I let those memories fade, focusing my attention on recalling the overall layout of the city. I have a ticket to Astrid Swan's album release show, and there is still 90 minutes before the doors open. The venue is a small indie art cinema theatre, I've never been there before. But I know the street address, and I have a generic idea where that street is. So better go find the place, and then have something to eat. I start walking.
I walk up the street, looking for the venue. Sooner than I expected I spot a place which looks like it could be a small indie theatre, I go take a closer look. As I scan the windows looking for a logo, a poster or something which would confirm this is the place, I suddenly have a direct eye contact with a person sitting inside. She's a blonde woman, having another person doing her make-up and hair. As I realize "Ah, that's Astrid getting ready for the show" I see her gently raising her palm to gesture a greeting. For half a second my mind takes a detour in learned anxiety; "This can't happen, I'm an alien outside everything, nobody ever sees me. Ah, see - I'm in water not knowing how to swim; I mean, here is this direct personal contact but I don't know how to contact, I only know how to hide. But she probably mistakes me for someone else. Or maybe th.." and the following instant "oh relax, it doesn't matter. There is another person greeting you with a friendly gesture, and it makes you feel glad inside, so just let your emotions show, express yourself, make yourself visible, be alive. Easy as that", and that thought comes out as a merry gesture of my hands, returning the greeting. The whole moment lasts for a second or two, as my feet keep on walking. I've found the venue, next I need food, so on with my personal quest.
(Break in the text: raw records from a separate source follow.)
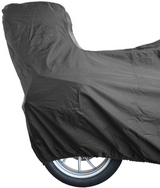 DS couvre le couvercle du moteur ALFA CASE TOP xlarge avec fenêtre de plaque d'immatriculation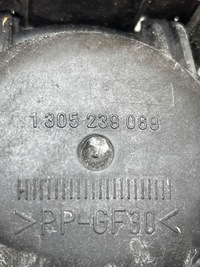 фото thumb №9, Фара перед сторона ліва mercedes-benz cl c215 1305239069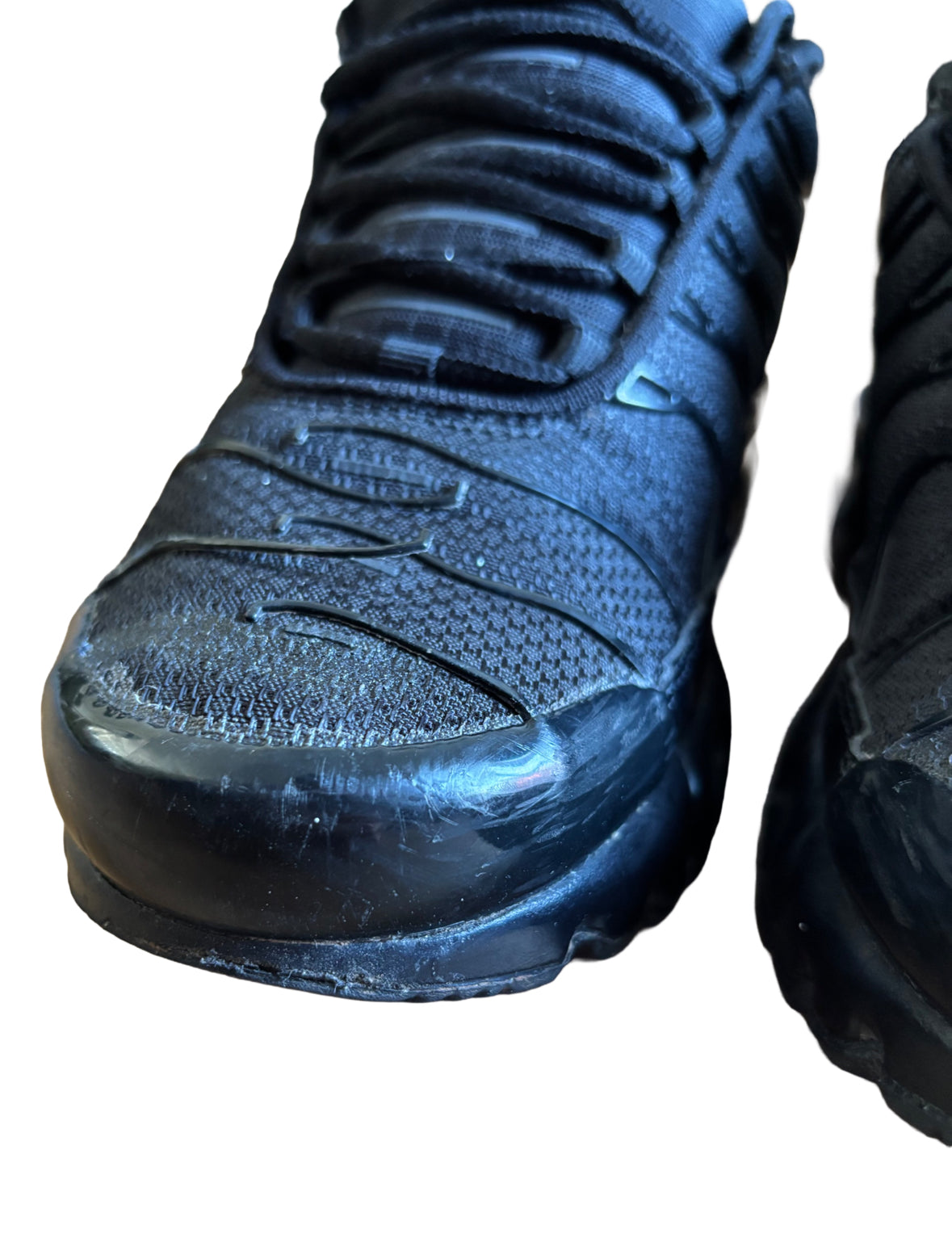 Nike Airmax TN Triple Black UK 7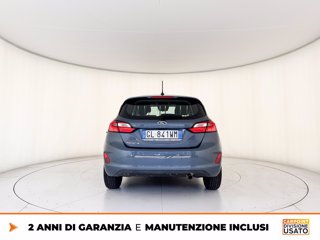 FORD Fiesta 5p 1.1 titanium gpl 75cv GPL 3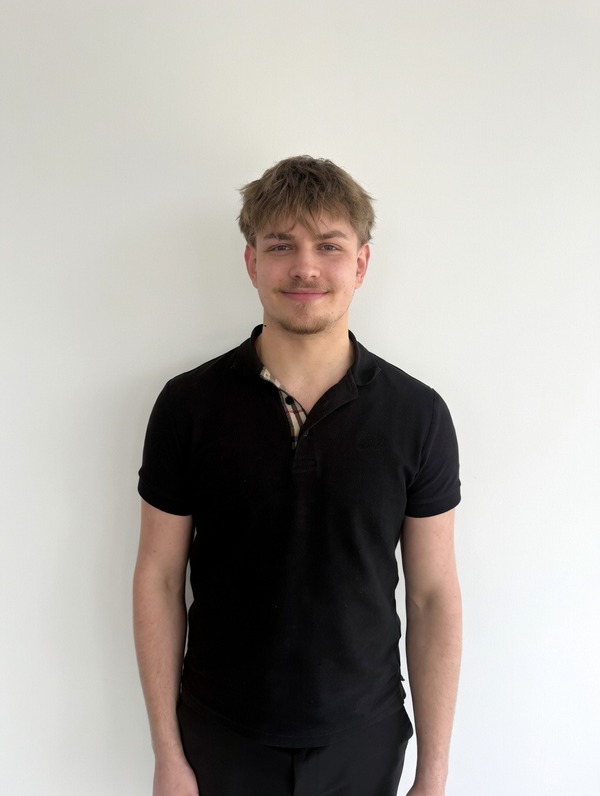 Alexander Russ — Lagerleiter Bulca Group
After the venue the street seems to have only blocks of flats. I take a small side alley up a rocky hill. The alley is for pedestrians only, and has stairs on the steepest parts. A group of three kids are playing on the alley, and I find myself surrounded by inspiring and interesting Jugend-style buildings; fairy-taleish romantic shapes, decorative flourishes, and a carved gargoyle sitting high on a wall. Somehow there isn't that generic sense of urban anonymity here; this clearly is a home for people living here, and I feel like walking on their yard. Only that their front yard happens to be a city alley, and the buildings are probably hiding protected inner yards. The alley takes me to a bigger street which I know. An elder lady in stylish clothes looks at me and says in a friendly voice "Hello", just like people in the countryside do when they meet another people on the village road. "Hello!" I say and as I continue on I hear the lady shouting loudly to catch the attention of a person on the other side of the street. Judging by her voice she is merrily drunken. Maybe she has retired after a successful career and can now afford to walk around in fine clothes and drunken of fine wine. You never know what kind of personal stories these people are carrying. I overhear other people greeting and chatting; apparently many people living here know their neighbours. And then there are Asian tourists with cameras. I think to myself that I kind of a fall in between the local people and the foreign tourists. I was 2 years old when my family moved away, my early memories of Helsinki are scarce and vague. For me there isn't a sense of belonging here, I'm a visitor, just barely familiar with some parts of the city, and sometimes a bit lost with the urban etiquette.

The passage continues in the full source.